しかし、良書から得られる知識は、もはや体験に近い感覚で自分に吸収されていくものだ。
良書は物事の本質を語っているため、何十年も前に執筆された本であることが多い。何十年も前の本であるにも関わらず、現在においても尚「良書」と言われているのは、それだけの価値があるということだ。

また、良書を一冊仕上げるためには、その著者は何十時間、何年、下手したら何十年もの調査や研究を重ねている。つまり、良書一冊読むことで、著者が捧げた膨大な研究成果や思考を、数時間で習得することができるのだ。
これは、最近特に目につく「何かをコピーしたような自己啓発本」とは訳が違う。本一冊を書き上げるために費やした「思考の深さ」が、段違いであるからだ。自己啓発本ほど内容の薄い本はないし、僕は自然と敬遠してしまう。(タイトルが自己啓発を思わせるだけで毛嫌いしてしまい、良書を見逃してしまっている危険も否めないが)

閑話休題。
今日は、僕が今までに読んだ良書の中で、自分自身の考え方をがらりと変えた衝撃的な良書を5冊紹介する。

誰のためのデザイン?

誰のためのデザイン? 増補・改訂版 ―認知科学者のデザイン原論

最近、フィンテックやテクノロジーの進化によってUI/UXという言葉をよく耳にする。
ユーザにとって、どのようなインターフェースを提供し、どのような体験をもたらすかを本質的に考えていこう、というものだ。

最近の事例で言えば、まさにAppleのiPhoneがUI/UXの良い事例だと言えるだろう。iPhoneの発売によって、携帯電話に対する考え方が社会的にガラリと変わった。
しかし、その後はAppleの追随プロダクトしか見かけず「前面液晶でタッチパネル」ということがUI/UXの正解であるかのようなプロダクトしか出てこない。果たして、これらの企業やプロダクトマネージャーは、真にUI/UXを考え抜いているのであろうか、甚だ疑問が残る。
以前にも、このブログで記事を書いたが、UI/UXは徹底したユーザ視点で考え抜くことが重要なのだ。企業や担当者都合の改善プロダクトやスペック競争は、UI/UXの視点で考えたとは言えない。
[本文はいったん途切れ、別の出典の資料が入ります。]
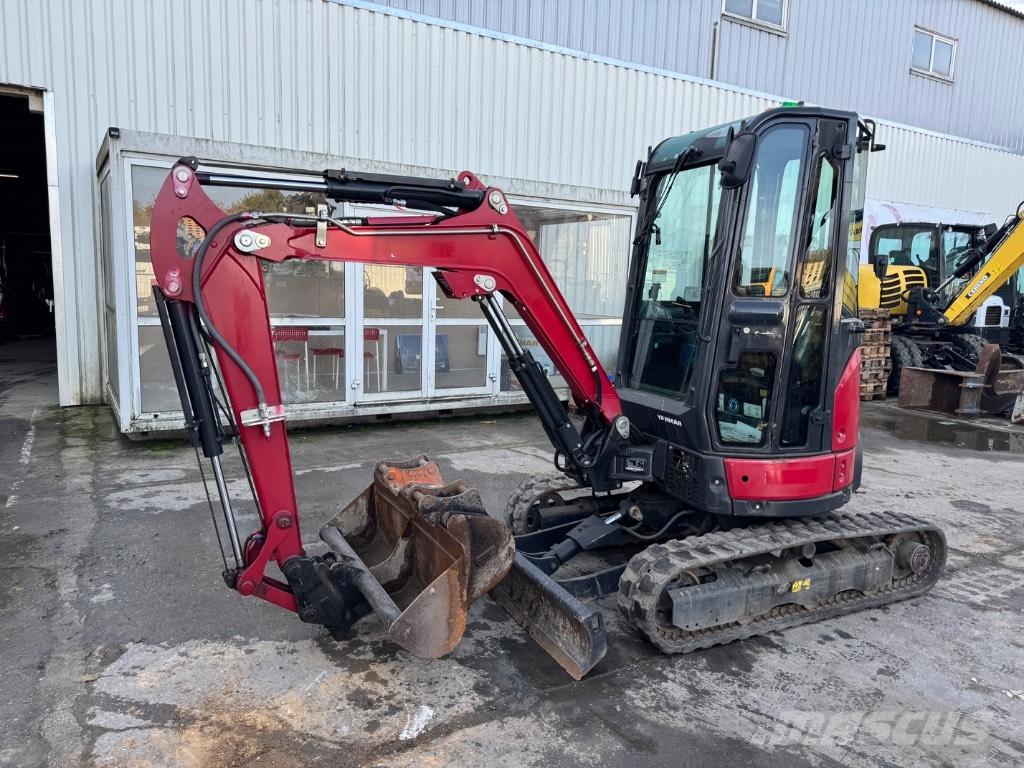 Yanmar VIO27LW (00845) Minigravemaskiner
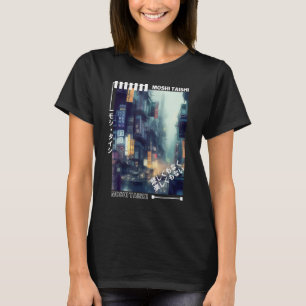 Japanese Streetwear Retro Vibes Aesthetic Tokyo Cy T-Shirt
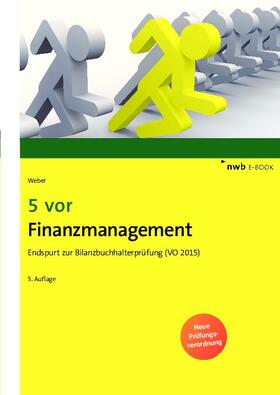 Weber | 5 vor Finanzmanagement | E-Book | sack.de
この書籍は、まさにUI/UXの本質を的確に捉えているのだが、驚くべきはこの書籍が20年以上も前に書かれたものであることだ。
本のタイトルにある「デザイン」という単語を読むと、何となくデザイナー向けの書籍を連想させるが、決してデザイナーだけの書籍ではない。プロダクトに関わる担当者ひいては全てのビジネスマンにとって、仕事のアウトプットを本質的に考え直すヒントを学ぶことができるはずだ。
www.overwrite-save.com

富の未来

富の未来 上巻
富の未来 下巻

この書籍は、僕がフォローしているブロガー2名が紹介していたことに加えて、尊敬しているあるビジネスリーダーから薦められて手に取った。

未来を予想する本はたくさんある。
しかし、その合理性や納得感は千差万別で、そのほとんどは空想科学読本のようなエンターテイメント的な要素を多分に含む書籍である。
一方で、この「富の未来」はかなり現実的な未来予想となっている。テクノロジーやマクロ経済、社会学的な見地等を複合的に考慮してストーリーが組み立てられている。過去の歴史からみても、一見突飛に見える予測もかなり合理性が担保されており、未来を知るというよりも「まさに現在」を知るために、とても有意義な一冊だ。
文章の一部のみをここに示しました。